The first time Mark Allen raced the Ironman was in October 1982. He came out of the water with the 1980 champion, Dave Scott. Just after the bike turnaround at Hawi, when Allen went to shift into another gear to stay with Scott, his derailleur malfunctioned and he was forced to drop out.
That was the first of many physiological and mechanical malfunctions that dogged Allen throughout the 1980s on the Big Island of Hawaii.
In 1983 he took third. The following year he built a 12-minute lead over Scott off the bike, but by mile 13 of the marathon, Allen was walking and Scott was on his way to his fourth title. In 1986, Allen decided to return to Kona only two weeks after his fifth straight win at the Nice Triathlon, the second biggest long-course triathlon in the world at the time.

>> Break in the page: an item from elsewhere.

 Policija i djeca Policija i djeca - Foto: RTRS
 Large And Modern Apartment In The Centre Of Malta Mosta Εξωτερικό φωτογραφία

He ran into Dave Scott one evening during race week and there was very little tension. “Dave congratulated me on Nice,” remembers Allen. “It was a nice exchange.”
Scott had peaked for Kona while Allen was hoping for a good day, but he certainly didn’t expect to win.
1987 was different. Allen decided to skip Nice to focus on Ironman, and Scott’s attitude toward him abruptly changed.
At the pro meeting, Allen remembers sitting on the floor looking directly at Scott. “Dave was sitting sideways, looking away from me,” recalls Allen. “He knew I was there, but he never once looked at me.”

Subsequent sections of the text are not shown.